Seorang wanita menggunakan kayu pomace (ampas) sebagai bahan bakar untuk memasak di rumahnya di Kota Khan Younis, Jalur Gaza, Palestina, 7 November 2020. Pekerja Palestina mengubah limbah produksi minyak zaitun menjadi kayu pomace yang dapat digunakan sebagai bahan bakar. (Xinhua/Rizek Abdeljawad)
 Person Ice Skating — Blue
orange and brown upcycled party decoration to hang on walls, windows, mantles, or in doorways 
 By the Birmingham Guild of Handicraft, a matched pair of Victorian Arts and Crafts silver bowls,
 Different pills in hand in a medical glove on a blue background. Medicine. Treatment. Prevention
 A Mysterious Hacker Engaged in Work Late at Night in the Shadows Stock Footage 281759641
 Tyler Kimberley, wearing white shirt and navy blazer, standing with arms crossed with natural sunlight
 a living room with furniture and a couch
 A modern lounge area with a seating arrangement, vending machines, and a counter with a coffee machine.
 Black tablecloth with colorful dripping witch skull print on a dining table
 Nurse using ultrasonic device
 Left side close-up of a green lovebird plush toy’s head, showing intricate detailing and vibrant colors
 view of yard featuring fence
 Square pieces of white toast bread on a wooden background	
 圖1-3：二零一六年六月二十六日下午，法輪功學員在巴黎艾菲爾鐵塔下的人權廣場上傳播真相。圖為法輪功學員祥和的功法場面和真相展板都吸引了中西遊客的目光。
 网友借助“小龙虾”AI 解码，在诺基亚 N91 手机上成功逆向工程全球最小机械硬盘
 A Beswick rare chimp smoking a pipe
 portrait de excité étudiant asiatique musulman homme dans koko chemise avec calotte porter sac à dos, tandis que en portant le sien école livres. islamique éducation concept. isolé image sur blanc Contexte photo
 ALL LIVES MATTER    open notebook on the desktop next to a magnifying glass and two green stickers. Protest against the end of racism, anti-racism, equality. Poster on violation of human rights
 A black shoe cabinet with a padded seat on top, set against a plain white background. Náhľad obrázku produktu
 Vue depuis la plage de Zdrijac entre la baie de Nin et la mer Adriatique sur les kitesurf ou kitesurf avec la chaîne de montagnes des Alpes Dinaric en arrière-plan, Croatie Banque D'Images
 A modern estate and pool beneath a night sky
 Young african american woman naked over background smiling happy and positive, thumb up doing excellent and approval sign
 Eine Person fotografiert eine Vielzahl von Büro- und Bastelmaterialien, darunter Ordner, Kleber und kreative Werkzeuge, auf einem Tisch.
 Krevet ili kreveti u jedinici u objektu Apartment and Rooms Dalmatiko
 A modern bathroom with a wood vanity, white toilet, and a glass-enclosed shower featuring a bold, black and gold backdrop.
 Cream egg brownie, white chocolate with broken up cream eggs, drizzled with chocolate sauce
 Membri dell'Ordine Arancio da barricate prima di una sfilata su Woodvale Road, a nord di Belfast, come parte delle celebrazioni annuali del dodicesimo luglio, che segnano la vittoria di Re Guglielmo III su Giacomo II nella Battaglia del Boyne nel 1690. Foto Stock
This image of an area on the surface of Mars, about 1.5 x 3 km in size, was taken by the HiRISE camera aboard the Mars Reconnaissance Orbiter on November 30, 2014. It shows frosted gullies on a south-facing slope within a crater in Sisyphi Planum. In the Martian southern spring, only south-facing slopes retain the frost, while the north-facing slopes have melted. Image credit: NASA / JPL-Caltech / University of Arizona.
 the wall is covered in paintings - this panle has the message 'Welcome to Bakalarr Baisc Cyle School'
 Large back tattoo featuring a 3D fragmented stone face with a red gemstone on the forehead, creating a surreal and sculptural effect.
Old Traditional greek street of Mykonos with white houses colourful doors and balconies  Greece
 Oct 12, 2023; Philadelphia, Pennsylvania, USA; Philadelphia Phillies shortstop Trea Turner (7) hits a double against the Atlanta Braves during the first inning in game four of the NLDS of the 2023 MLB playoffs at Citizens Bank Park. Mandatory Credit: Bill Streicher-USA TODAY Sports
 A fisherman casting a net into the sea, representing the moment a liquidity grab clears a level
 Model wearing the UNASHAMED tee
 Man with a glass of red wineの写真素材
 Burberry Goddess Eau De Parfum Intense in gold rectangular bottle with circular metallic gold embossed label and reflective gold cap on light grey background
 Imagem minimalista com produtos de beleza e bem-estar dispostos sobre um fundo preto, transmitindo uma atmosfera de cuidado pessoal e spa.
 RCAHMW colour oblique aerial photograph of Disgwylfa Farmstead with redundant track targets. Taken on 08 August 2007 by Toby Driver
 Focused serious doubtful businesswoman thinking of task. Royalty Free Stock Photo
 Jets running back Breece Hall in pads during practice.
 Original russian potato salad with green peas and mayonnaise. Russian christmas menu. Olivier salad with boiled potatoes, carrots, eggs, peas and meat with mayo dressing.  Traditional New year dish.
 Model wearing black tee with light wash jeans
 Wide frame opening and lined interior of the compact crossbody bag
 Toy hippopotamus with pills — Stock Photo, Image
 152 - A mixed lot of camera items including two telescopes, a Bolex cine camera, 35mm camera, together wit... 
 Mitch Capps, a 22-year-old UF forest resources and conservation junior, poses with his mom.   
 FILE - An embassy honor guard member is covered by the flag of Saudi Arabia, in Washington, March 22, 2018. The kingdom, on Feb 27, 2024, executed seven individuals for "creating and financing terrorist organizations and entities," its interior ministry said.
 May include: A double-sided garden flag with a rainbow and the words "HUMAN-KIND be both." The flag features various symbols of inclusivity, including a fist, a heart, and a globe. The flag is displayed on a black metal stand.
####
> **What to produce**: When the line containing "a living room with furniture and a couch" is reached, include it and stop. Until then, output each line of the entries exactly as given, starting from the first.

> **Task response**:
Seorang wanita menggunakan kayu pomace (ampas) sebagai bahan bakar untuk memasak di rumahnya di Kota Khan Younis, Jalur Gaza, Palestina, 7 November 2020. Pekerja Palestina mengubah limbah produksi minyak zaitun menjadi kayu pomace yang dapat digunakan sebagai bahan bakar. (Xinhua/Rizek Abdeljawad)
 Person Ice Skating — Blue
orange and brown upcycled party decoration to hang on walls, windows, mantles, or in doorways 
 By the Birmingham Guild of Handicraft, a matched pair of Victorian Arts and Crafts silver bowls,
 Different pills in hand in a medical glove on a blue background. Medicine. Treatment. Prevention
 A Mysterious Hacker Engaged in Work Late at Night in the Shadows Stock Footage 281759641
 Tyler Kimberley, wearing white shirt and navy blazer, standing with arms crossed with natural sunlight
 a living room with furniture and a couch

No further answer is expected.